Les mines de charbon turques sont les plus meurtrières d'Europe. En proportion de ce qu'elles produisent chaque année - environ trois millions de tonnes de houille soit 0,05% de la production mondiale (World Coal Association) - elles sont aussi les troisièmes plus dangereuses de la planète. Chaque année, 80 mineurs en moyenne y perdent la vie dans des accidents qui, la plupart du temps, auraient pu être évités si les règles de sécurité avaient été respectées. Reportage à Zonguldak, dans le bassin minier turc

zozo
Écrit par Lepetitjournal Istanbul
Publié le 6 mars 2012, mis à jour le 27 février 2024


Il y a deux Zonguldak.

D'un côté ou plutôt, en surface, une ville de taille moyenne des rives de la mer Noire, au nord-ouest de la Turquie. De l'autre, une ville souterraine, creusée à la force des bras, toujours plus en profondeur.

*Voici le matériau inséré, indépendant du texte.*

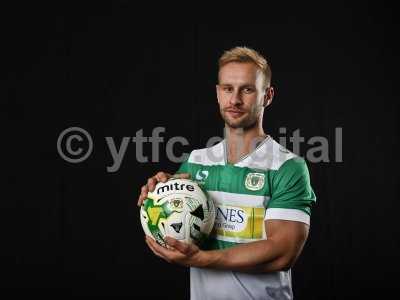 Yeovil Town Photocall 060815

Ville portuaire et ville minière, où l'air sent le charbon et la mer.

Il est bientôt 15 heures dans la mine de Kozlu, dont une partie des 45 kilomètres de galeries courent sous la mer Noire, un cas unique en Turquie. L'équipe du matin salue celle de l'après-midi à l'entrée du puits numéro 1, au bord d'un gouffre de 840 mètres. Geçmiş Olsun (littéralement, "Que cela soit du passé"), lancent les seconds aux premiers, qui se ruent vers les douches pour se débarbouiller. 

"Je n'ai qu'une hâte : rentrer chez moi, manger et me reposer", lâche Ramazan Kavalcı, les yeux brillants de fatigue. À 28 ans, il est fils, petit-fils et arrière-petit-fils de mineur. "Il faut faire attention à tout dans la mine. Mais avec l'aide de Dieu, on en sort chaque jour sain et sauf", assure-t-il.

Des cicatrices qu'on ne peut pas refermer

"Avec l'aide de Dieu" et quelques outils techniques. Ramazan porte autour du cou un boitier que lui et ses collègues ont surnommé "le vak-vak", en référence au bruit de sa sonnerie. "Aujourd'hui, il a sonné une fois. Il a détecté du méthane. On a envoyé un message au centre de contrôle pour qu'ils poussent la ventilation et que l'air soit nettoyé. On a tout de suite repris le travail", raconte le mineur.

Le méthane, c'est l'ennemi de Ramazan et de ses collègues. Incolore, inodore, il peut causer une explosion, le fameux "coup de grisou". Le 17 mai 2010, il a tué 30 mineurs dans une mine de Zonguldak. À Kozlu, le gisement où travaille Ramazan, 263 ouvriers sont morts en 1992 dans un accident similaire.

Dans cette mine détenue et gérée par l'État, priorité à la sécurité. À l'entrée du puits, juste au-dessus de l'ascenseur, un panneau lumineux rappelle en lettres rouges que l'an dernier, 491 accidents se sont produits à Kozlu. Erdinç Günay est responsable sécurité en charge de la ventilation. "Ce n'est pas un métier facile", observe-t-il d'emblée.

Une grosse différence entre le secteur public et le secteur privé

"C'est une lourde responsabilité. Vous êtes en première ligne pour intervenir dès qu'un accident se produit. J'étais là en 1992. Ça laisse des cicatrices qu'on ne peut pas refermer. On fait tout pour que cela ne se reproduise pas mais malheureusement, dans le secteur minier, le risque zéro n'existe pas", poursuit-il.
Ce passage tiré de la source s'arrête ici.